I looked into Grandmother Padilla's eyes and saw a well in which my information could settle to the bottom and sink into the sediment. Still, I wasn't eager to give up the name of a witness. It could be risky for me, it could be risky for the witness.
“Was it Alfredo Lobato?” she asked.
“
Why do you think that?”
“He told everybody he saw the murder and that the killer was the white boy.”
“Ron Cade.”
“If he saw Ron Cade, why did you let that pretty little girl say she did it?”
“Ron Cade had an alibi. My client didn't. She knew things about the crime that the police didn't reveal. She was spotted near the crime scene around the time of the murder.”
“Was she afraid?”
“Very.”
“In my time boys killed each other. Girls didn't do things like that. And now they are murderers, too?”
“Sometimes.”
“Alfredo is a sad boy.” She tapped the side of her head with her forefinger. “Mean, but not very smart.”
“Are you related to him, too?”
“Not that I know of.” Her brown eyes twinkled, and I saw the spirit of a young and lively woman. “For a long time nobody wanted Alfredo. He was a want-to-be. Even the gang didn't want him, but then I see him wearing the shirt. I think you will want to know why he was accepted, but I don't think you should come looking here again.”
I'd reached the corner of Llorca and parked on the far side of Rosa.
“I can walk from here,” she said. “Thank you very much for the ride.”
“Thank you for the advice.” I handed her my card. “Call me if you think of anything else.”
She stared at my name and address, fingered the card and put it in her pocket. “I have one more word of advice for you,” she said.
“What's that?”
“Play Powerball.”
“I'll remember that.”
She let herself out of the car. I waited for the light to change and the traffic to clear, then watched her walk across the street holding the milk carton in her hand.
******
That night over Tecate, tequila and a couple of burritos from Arriba Tacos, I told the Kid I'd seen Alfredo Lobato, but I didn't tell him I'd also seen a gun.
“What'd Lobato look like?” the Kid asked.
“Big, ugly. Like you said, he has a goatee on the back of his head.”
“
Where did you see him?”
“I drove by his house on Pino. He was outside shooting baskets. I stopped and asked for directions. You were right about his being a member of the Four O's; he was wearing a Juan Padilla mourning shirt.”
“That DA guy was wrong.”
“Maybe not. Maybe Lobato became a witness first and a Four O later.”
“I told you to stay away from those guys. You never know when to stop, chiquita.”

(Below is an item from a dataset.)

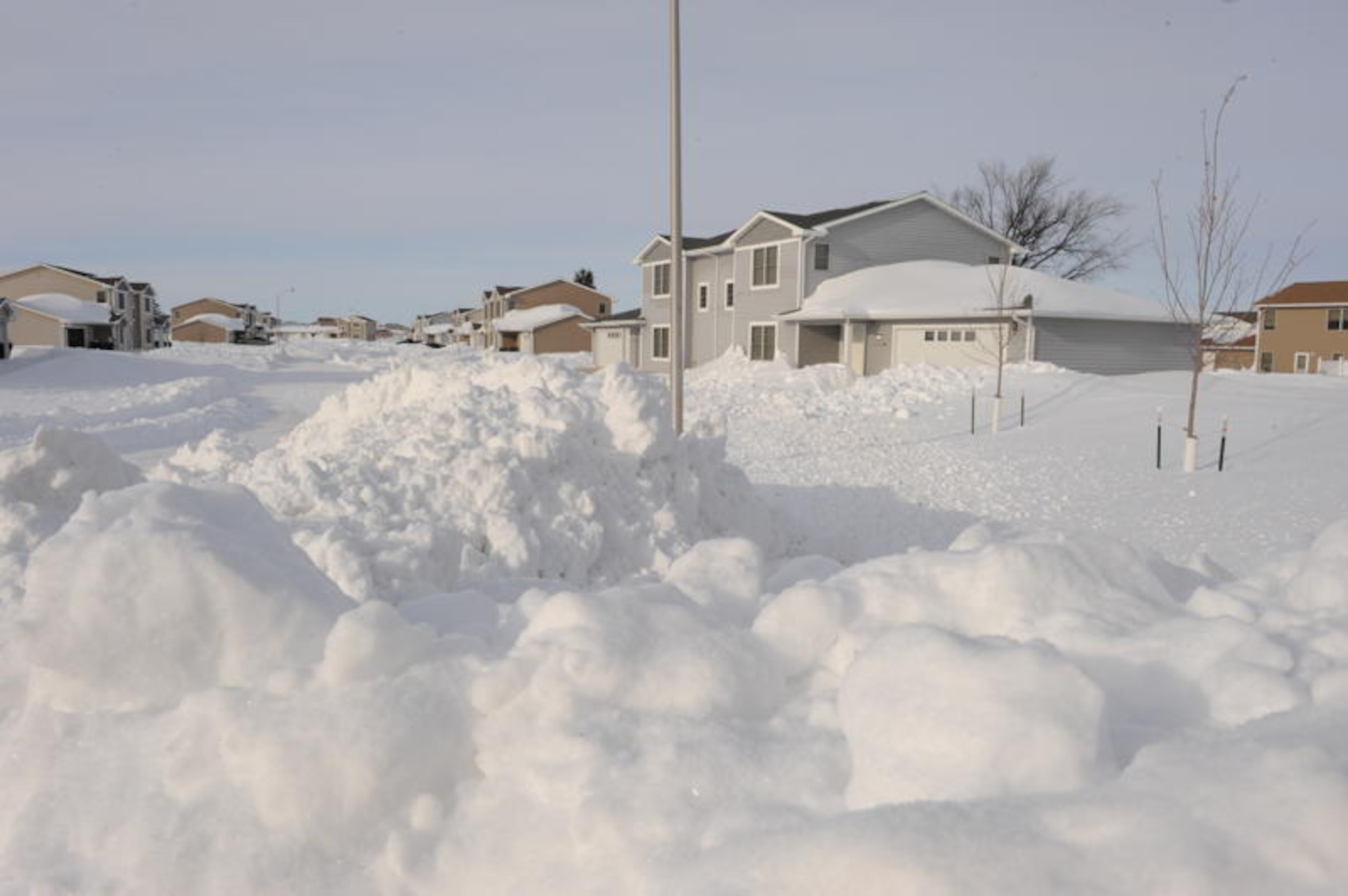 MINOT AIR FORCE BASE, N.D. -- Snow piled up in front of housing after Minot residents recover from blizzard here, Dec. 29. A christmas weekend blizzard resulted in 25.7 inches of snow. In addition to this, the drifts made driving difficult on surrounding highways and in the surrounding communities. (U.S. Air Force Photo by Staff Sgt. Stacy Moless)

And how many times had I heard that one? Sometimes the tightrope I walked on had no net, which was one reason the Kid liked me whether he'd admit it or not. If I didn't go looking for excitement, he'd be
aburrido como una ostra,
bored as an oyster. “Why should I stop?”
“Because it's dangerous.”
I shrugged and took a sip of my tequila.
“You never listen to me,” he complained.
“You never say anything new,” I replied, wondering how much time it took with someone before you began repeating yourself. He had nothing to say to that, and we finished the burritos in silence. While I cleaned up he watched
Walker, Texas Ranger,
his favorite bad and violent TV show. Some people watch violence so they don't have to do it; some people watch it and get inspired to do it. When the Kid is angry he becomes silent, not violent. He was still fuming when we went to bed, which meant he wasn't talking. He can go to bed angry and fall sound asleep and I can't. I lay awake watching him toss and turn and thinking about how complicated men are. At least women can talk about what's bothering them and get rid of it. Problems (especially men problems) are a hot potato that women toss from hand to hand. But men don't talk at all or they talk about cars and sports while the wheels inside keep turning and churning.
Compared to the Kid I'm simple,
I thought.
Basically I have two moods. Either I'm pissed off or I'm not.